Reliability | The Networking Nerd

Remember that Slack outage earlier this month? The one that happened when we all got back from vacation and tried to jump on to share cat memes and emojis? We all chalked it up to gremlins and went on going through our pile of email until it came back up. The post-mortem came out yesterday and there were two things that were interesting to me. Both of them have implications on reliability planning and how we handle the worst-case scenarios we come up with.

It’s Out of Our Hands

The first thing that came up in the report was that the specific cause for the outage came from an AWS Transit Gateway not being able to scale fast enough to handle the demand spike that came when we all went back to work on the morning of January 4th. What, the cloud can’t scale?

The cloud is practically limitless when it comes to resources. We can create instances with massive CPU resources or storage allocations or even networking pipelines. However, we can’t create them instantly. No matter how much we need it takes time to do the basic provisioning to get it up and running. It’s the old story of eating an elephant. We do it one bite at a time. Normally we tell the story to talk about breaking a task down into smaller parts. In this case, it’s a reminder that even the biggest thing out there has to be dealt with in small pieces as well.

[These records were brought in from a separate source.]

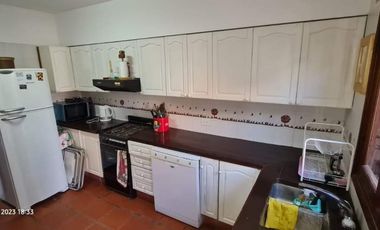 En Pinamar | Dúplex pleno centro frente al mar!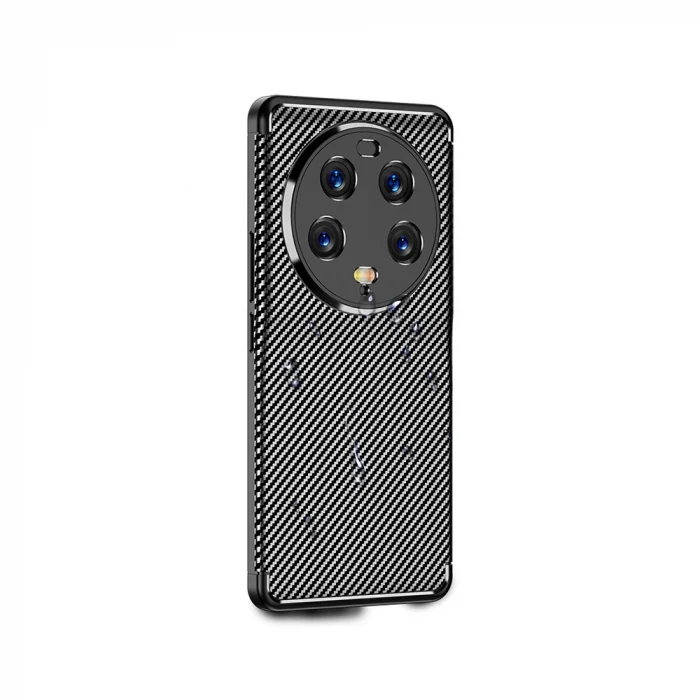 Xiaomi Mi 13 Ultra Kılıf Negro Silikon Kapak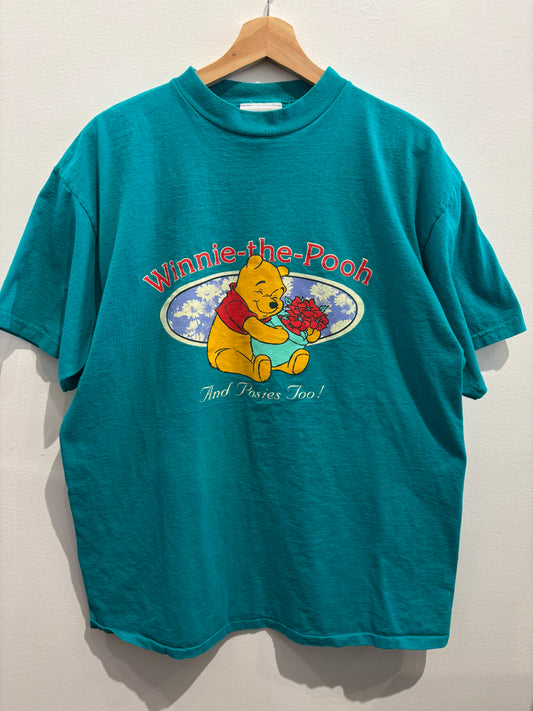 Winnie The Pooh Shirt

Slack learned this lesson the hard way. Why? Because they couldn’t foresee a time when their service was so popular that the amount of traffic rushing to their servers crushed the transit gateways. Other companies have had to learn this lesson the hard way too. Disney crawled on launch day because of demand. The release of a new game that requires downloading and patching on Day One also puts stress on servers. Even the lines outside of department stores on Black Friday (in less pandemic-driven years) are examples of what happens when capacity planning doesn’t meet demand.

When you plan for your worst case scenario, you have to think the unthinkable. Instead of asking yourself what might happen if everyone logs on at the same time you also need to ask when happens if they try and something goes wrong. I spent a lot of time in my former job thinking about simple little exercises like VDI boot storms, where office workers can push a storage system to the breaking point by simply turning all their machines on at the same time. It’s the equivalent of being on a shared network resource like a cable modem during the Super Bowl. There aren’t any resources available for you to use.

When we plan for capacity, we have to realize that even our most optimistic projections of usage are going to be conservative if we take off or go viral. Rather than guessing what that might be, take an hour every six months and readjust your projections. See how fast you’re growing. Plan for that crazy scenario where everyone decides to log on at the same time on a day where no one has had their coffee yet. And be ready for what happens when someone throws a wrench into the middle of the process.

What Happens When It Goes Wrong?

The second thing that came up in the Slack post-mortem that is just as worrisome was the behavior of the application when it realized there was a connection timeout. The app started waiting for the pathway to be open again. And guess what happened when AWS was able to scale the transit gateway? Slack clients started hammering the servers with connection requests. The result was something akin to a Distributed Denial-of-Service (DDoS) attack.

Why would the Slack client do this? I think it has something to do with the way the developers coded it and didn’t anticipate every client trying to reconnect all at once. It’s not entirely unsound thinking to be honest. How could we live in a world where every Slack user would be disconnected all at once? Yet, we do and it did and look what happened?

Ethernet figured this part out a long time ago. The CSMA/CD method for detecting collisions on a layer 2 connection has an ingenious solution for what happens when a collision is detected. Once it realizes that there was a problem on the wire it stops what is going on and calculates a random backoff timer based on the number of detected collisions. Once that timer has expired it attempts to transmit again. Because there has to be another station involved in a collision incident both stations do this. The random element of the timer calculation ensures that the likelihood of both stations choosing to transmit again at the same time is very, very low.

If Ethernet behaved like the Slack client did we would never resolve collisions. If every station on a layer 2 network immediately tried to retransmit without a backoff timer the bus would be jammed constantly. The architects of the protocol figured out that every station needs a cool off period to clear the wire before trying again. And it needs to be different for every station so there is no overlap.

Slack really needs to take this idea into account. Rather than pouncing on a connection as soon as it’s available there needs to be a backoff timer that prevents the servers from being swamped. Even a few hundred milliseconds per client could have prevented this outage from getting as big as it did. Slack didn’t plan beyond the worst case scenario because they never conceived of their worst case scenario coming to pass. How could it get worse than something we couldn’t imagine happening?

Tom’s Take

If you design systems or call yourself a reliability engineer, you need to develop a hobby of coming up with disastrous scenarios. Think of the worst possible way for something to fail. Now, imagine it getting worse. Assume that nothing will work properly when there is a recovery attempt. Plan for things to be so bad that you’re in a room on fire trying to put everything out while you’re also on fire. It sounds very dramatic but that’s how bad it can get. If you’re ready for that then nothing will surprise you. You also need to make sure you’re going back and thinking of new things all the time. You never know which piece is going to fail and how it will impact what you’re working on. But thinking through it sometimes gives you an idea of where to go when it all goes wrong.